WORK TO BE COMPLETED: Without the images, print all the entries below exactly as given.

======

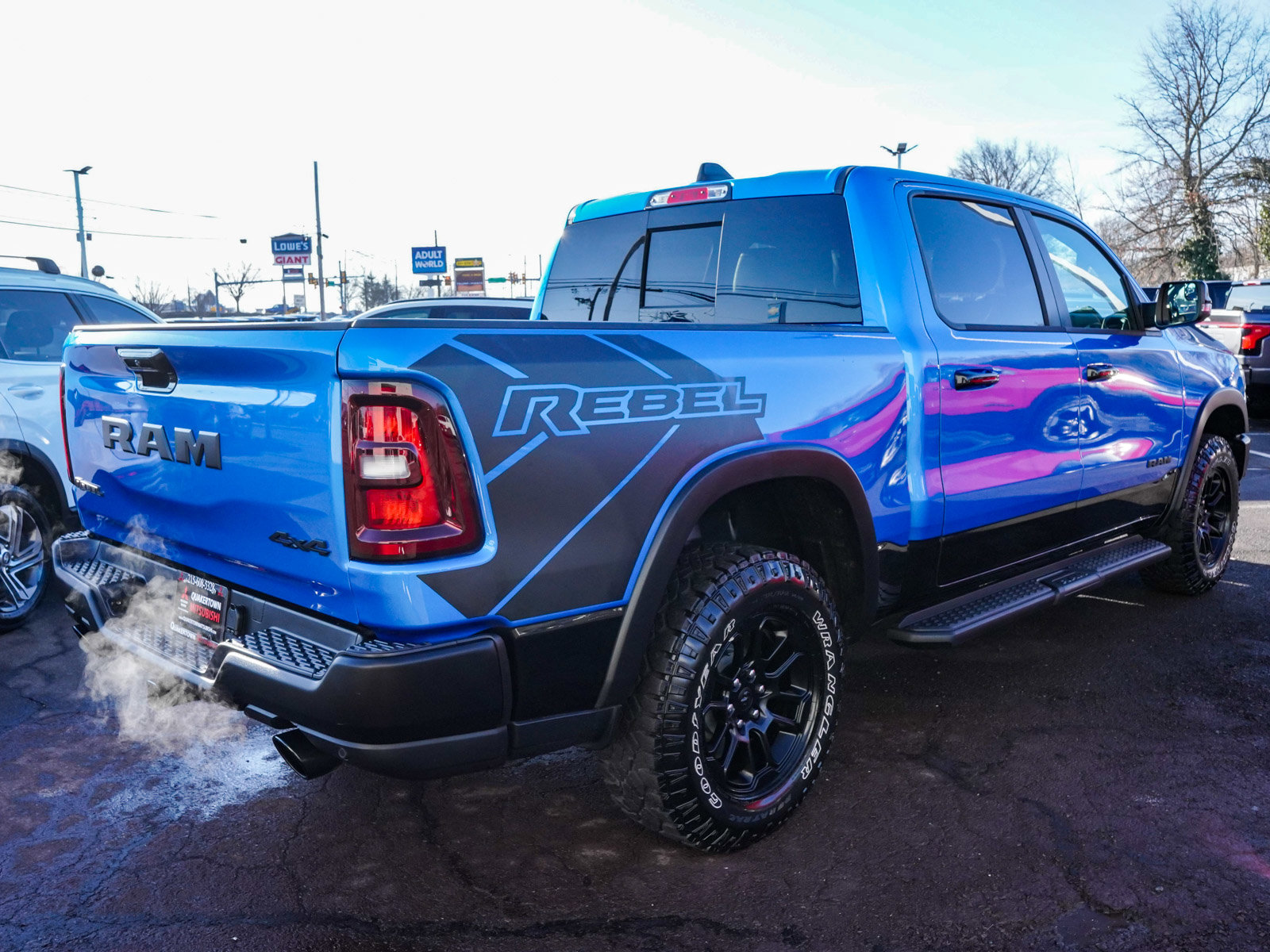 Used 2025 RAM 1500 Rebel w/ Rebel Level 2 Equipment Group AWD/4WD image 4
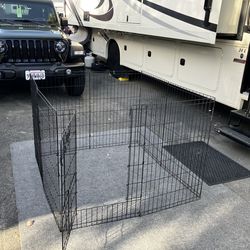 Portable Pet Kennel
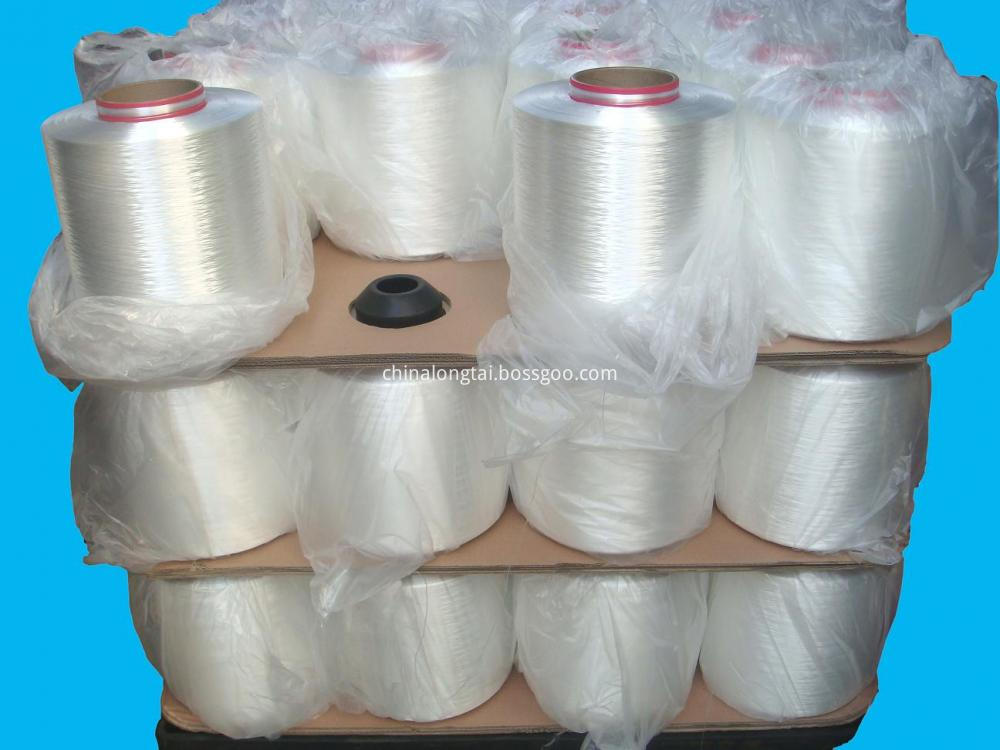 Spun Yarn For Weaving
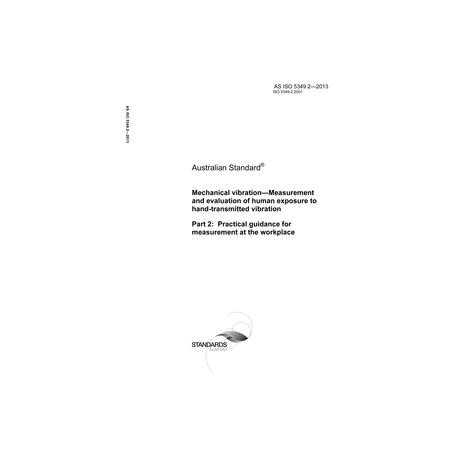 AS ISO 5349.2-2013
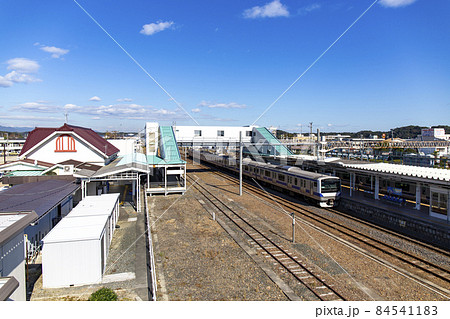 高萩駅の写真素材 [84541183] PIXTA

======

TASK SOLUTION:
 Used 2025 RAM 1500 Rebel w/ Rebel Level 2 Equipment Group AWD/4WD image 4
 Portable Pet Kennel
 Spun Yarn For Weaving
 AS ISO 5349.2-2013
 高萩駅の写真素材 [84541183] PIXTA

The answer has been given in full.